**Assignment:**
Everything in the records below except the images should be output exactly as written.

Start of The records

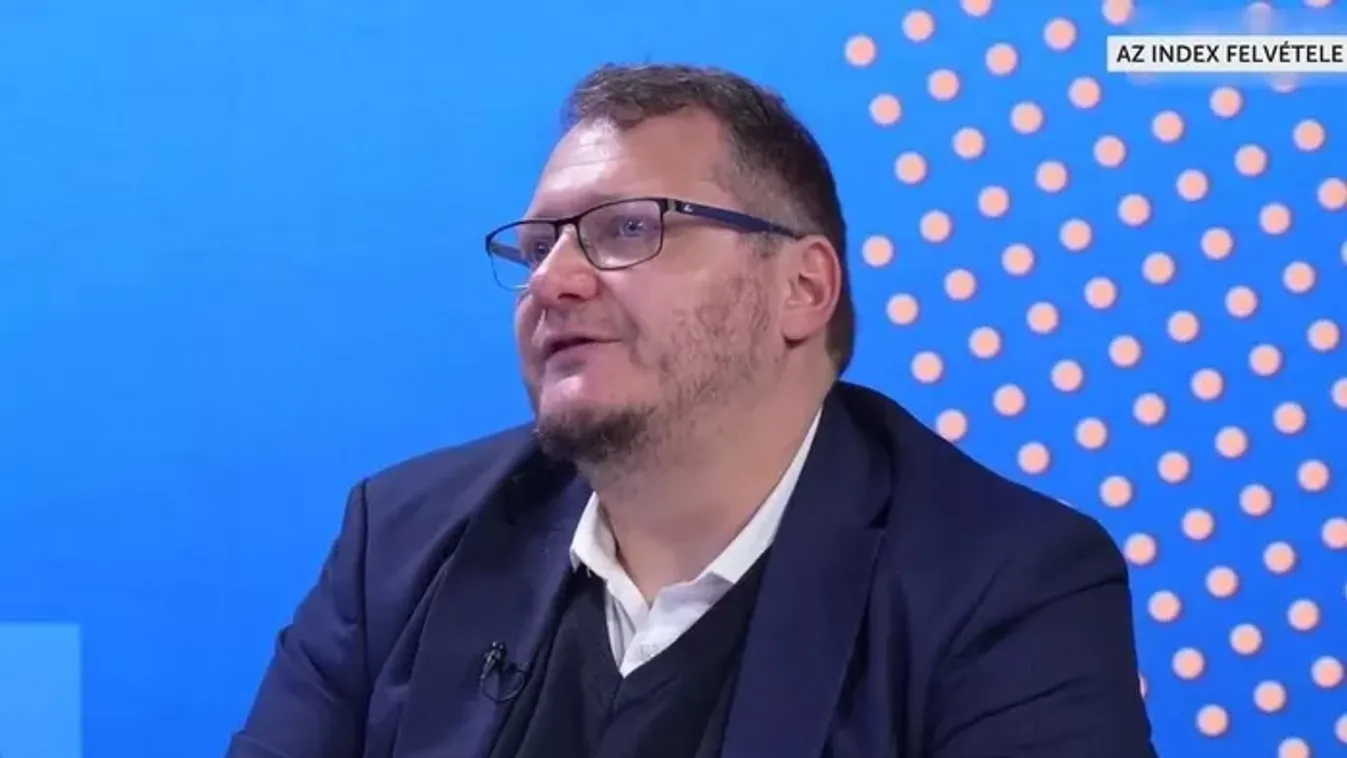 Magyar Péter megkérdezte volt kollégájától, hogy buzi-e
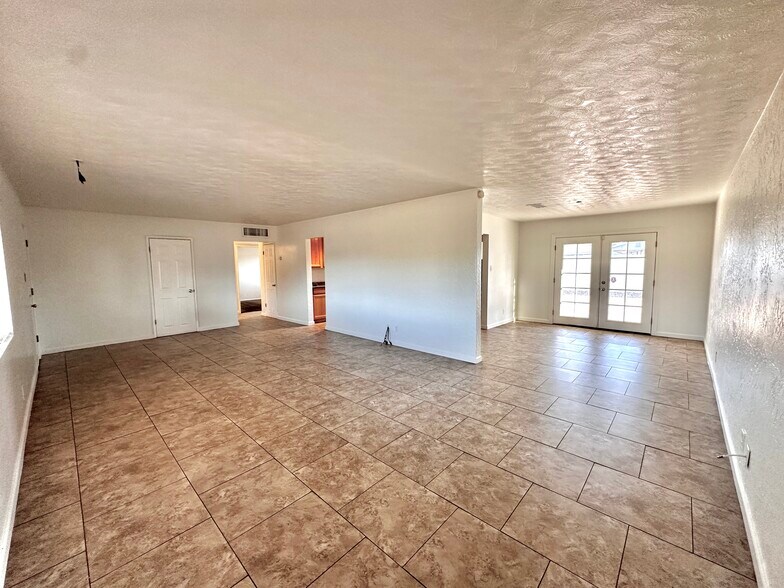 Primary Photo - 1351 W 10th St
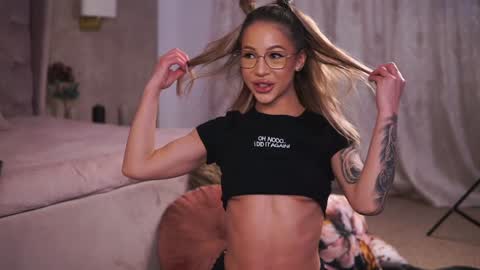 nyrobinova online show from January 30, 4:16 am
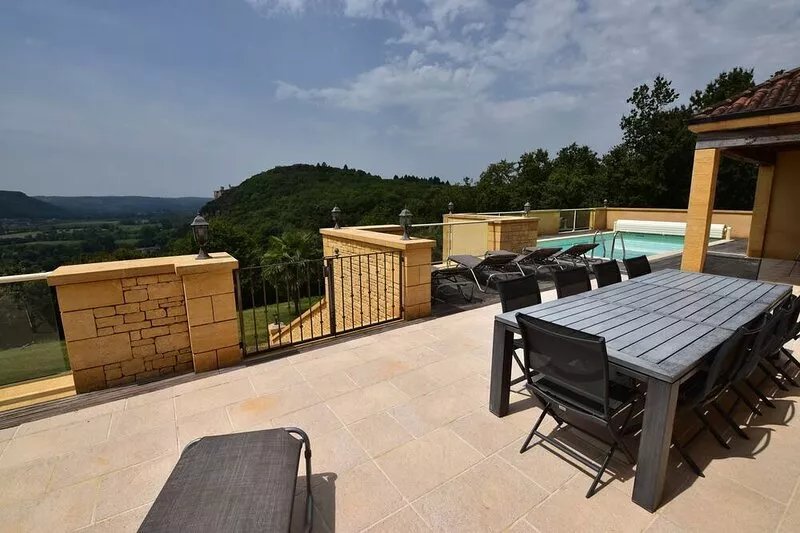 Charming stone villa with pool near SARLAT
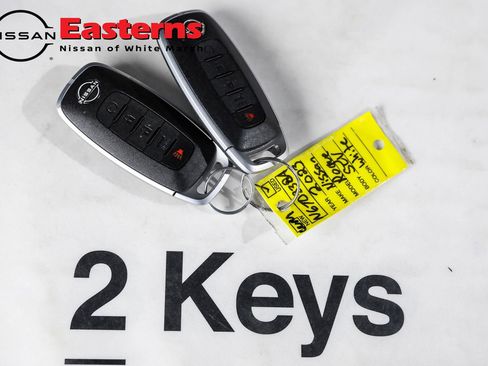 Used 2023 Nissan Rogue SL w/ SL Premium Package image 28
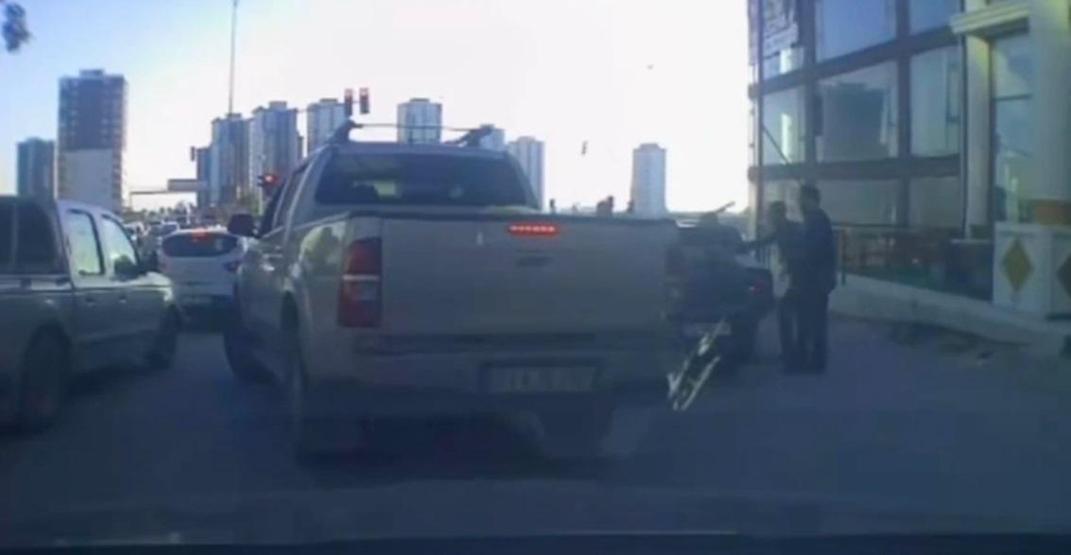 Trafik magandaları dehşet saçtı: Tartıştıkları sürücüye sopa ve sandalyelerle saldırdılar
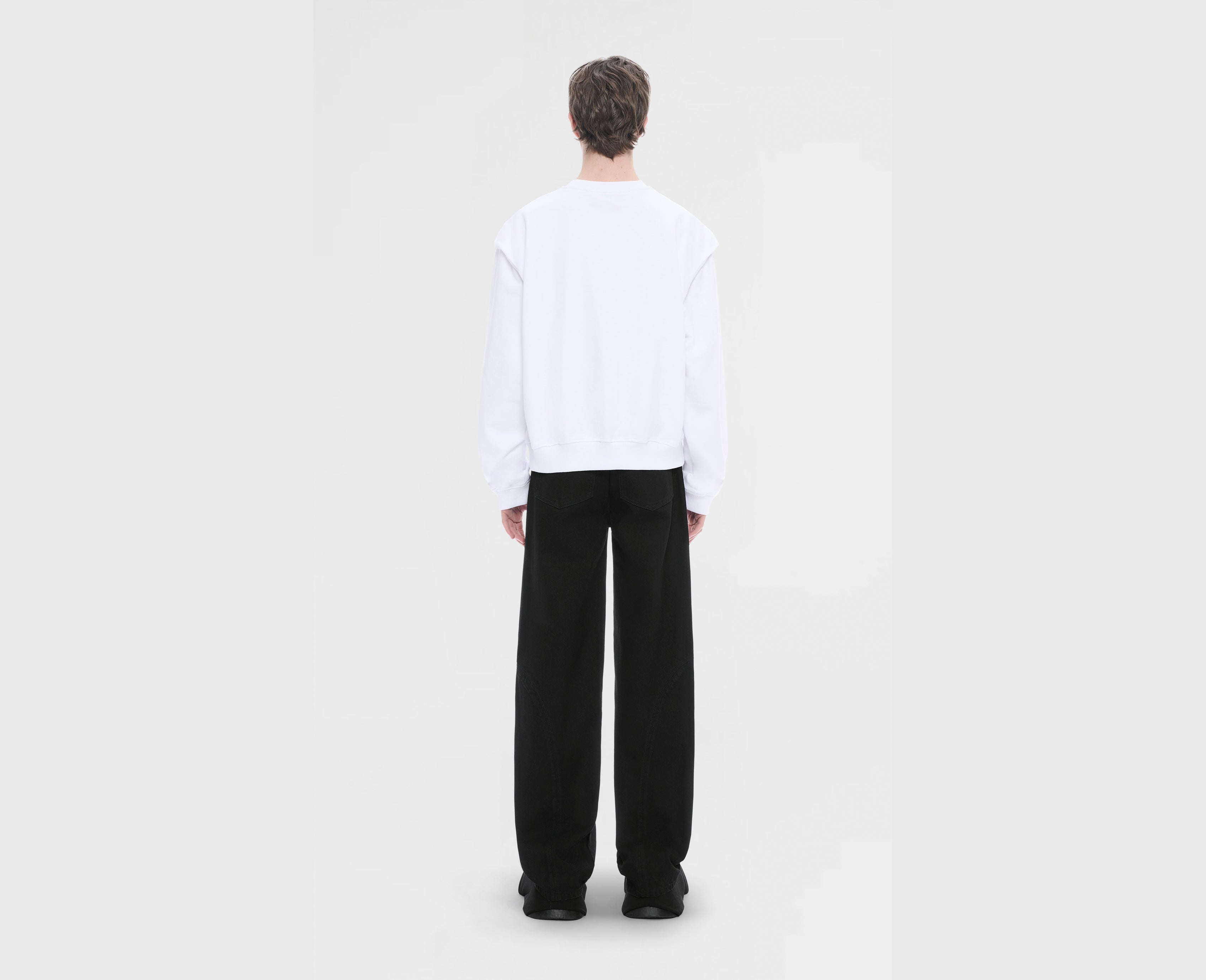 HE, product: BASALT DENIM TROUSERS (Fig. 3)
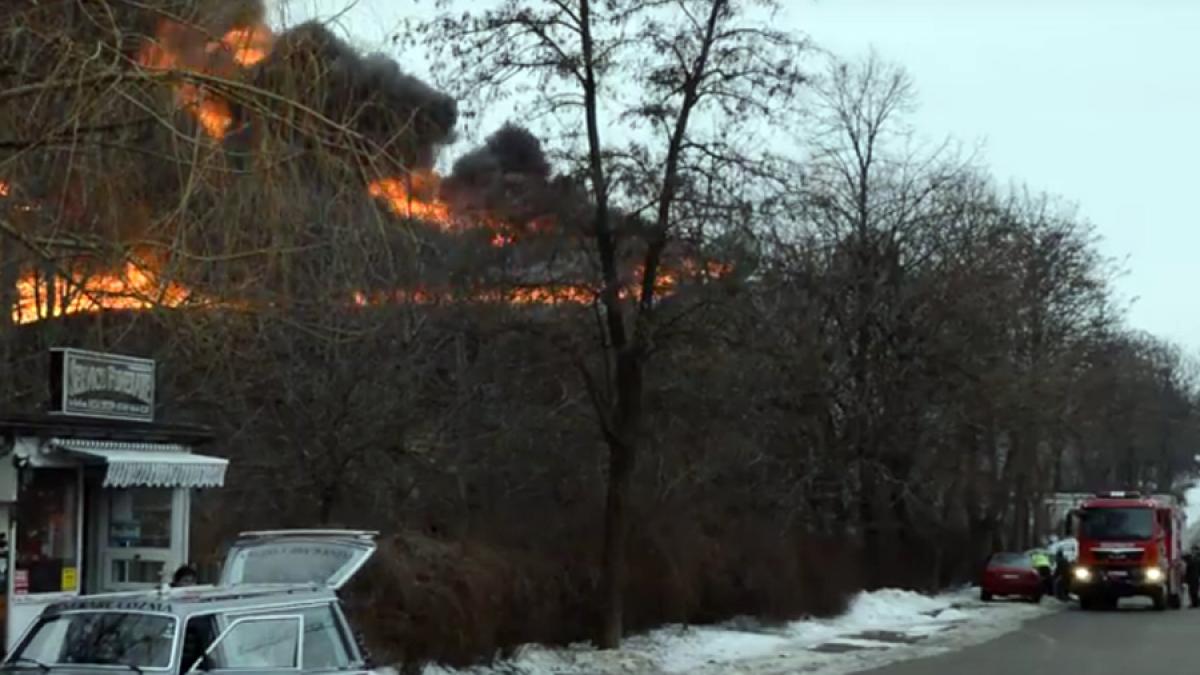 video botosani incendiu de proportii la o fabrica de electropompe si hidranti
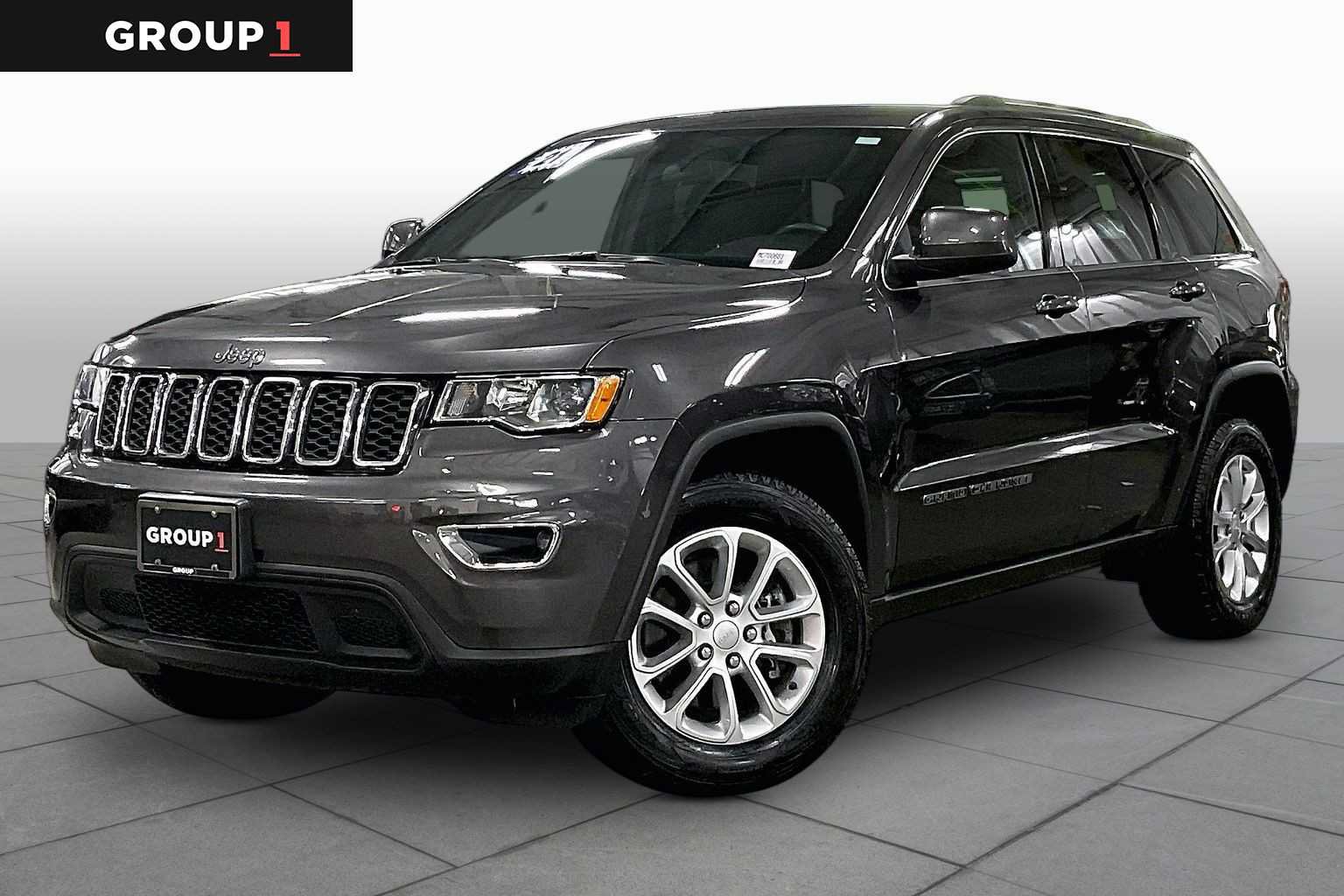 Used 2021 Jeep Grand Cherokee Laredo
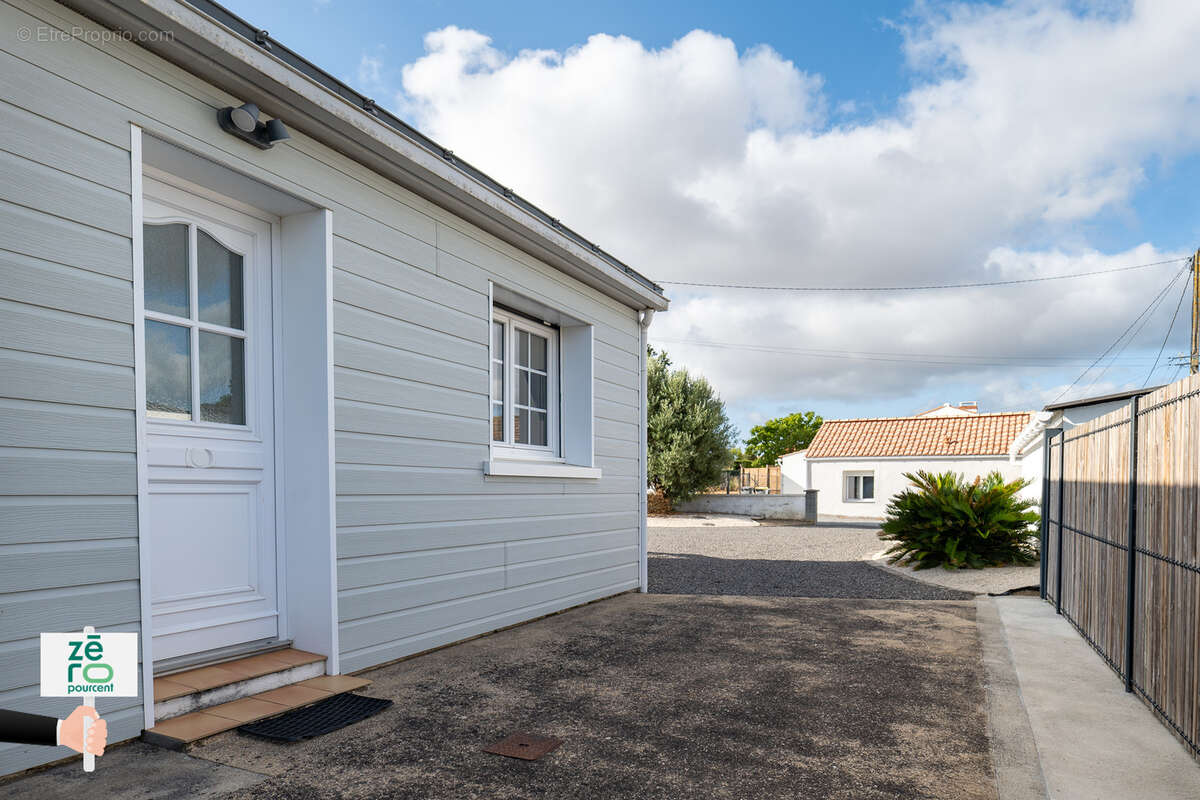 Le Fenouiller   Maison de plain-pied rénovée avec fort potentiel à 400 m du centre - photo 15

End of The records

**Exercise answer:**
 Magyar Péter megkérdezte volt kollégájától, hogy buzi-e
 Primary Photo - 1351 W 10th St
 nyrobinova online show from January 30, 4:16 am
 Charming stone villa with pool near SARLAT
 Used 2023 Nissan Rogue SL w/ SL Premium Package image 28
 Trafik magandaları dehşet saçtı: Tartıştıkları sürücüye sopa ve sandalyelerle saldırdılar
 HE, product: BASALT DENIM TROUSERS (Fig. 3)
 video botosani incendiu de proportii la o fabrica de electropompe si hidranti
 Used 2021 Jeep Grand Cherokee Laredo
 Le Fenouiller   Maison de plain-pied rénovée avec fort potentiel à 400 m du centre - photo 15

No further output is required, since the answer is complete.